USDJPY recently broke outside its descending triangle pattern visible on the 4-hour time frame. Price found resistance around the 104.00 handle and might be ready for a pullback to the broken triangle resistance at the 101.50 minor psychological level.
Applying the Fib tool on the latest swing high and low shows that the 61.8% retracement level lines up with this broken triangle resistance and area of interest. This is also near the moving averages, which could hold as dynamic support levels.
However, the 100 SMA is below the longer-term 200 SMA, signaling that the path of least resistance is to the downside. The gap between these moving averages is narrow so a crossover could be possible. Stochastic is heading south from the overbought zone to show that bearish pressure is picking up and that a correction is due.

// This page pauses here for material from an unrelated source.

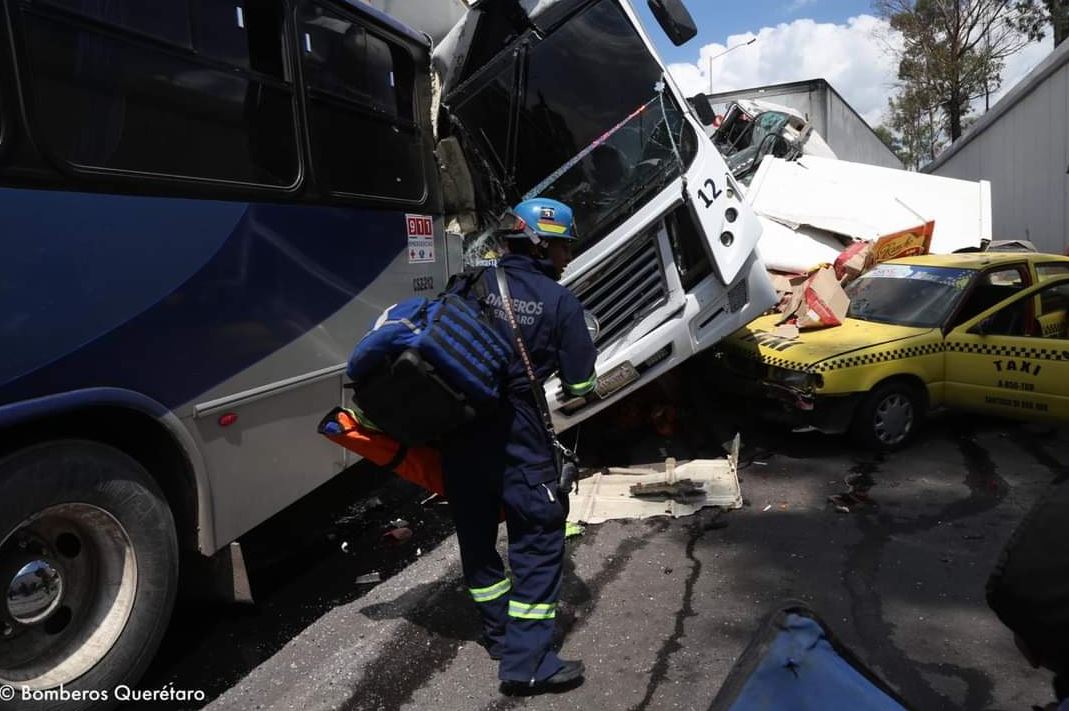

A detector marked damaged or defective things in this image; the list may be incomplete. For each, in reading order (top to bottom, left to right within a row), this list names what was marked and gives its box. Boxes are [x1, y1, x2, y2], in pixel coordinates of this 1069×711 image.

The main catalyst for this pair today would be the NFP release, which might show a 171K increase in hiring versus the previous 151K figure. Leading jobs indicators have been printing improvements so traders have set their expectations up for an upside surprise, which could support Fed rate hike expectations for December or even November.
A downside surprise, however, could spark a sharp dollar selloff as this would douse hopes for Fed tightening. Still, analysts believe that any reading over 100K could keep tightening expectations in play keep the dollar afloat.
Data from Japan has been mostly weaker than expected, ramping up speculations that the BOJ would have to increase stimulus at some point. Apart from that, bulls appear to be booking profits off their long positions and have run out of steam in pushing yen pairs down.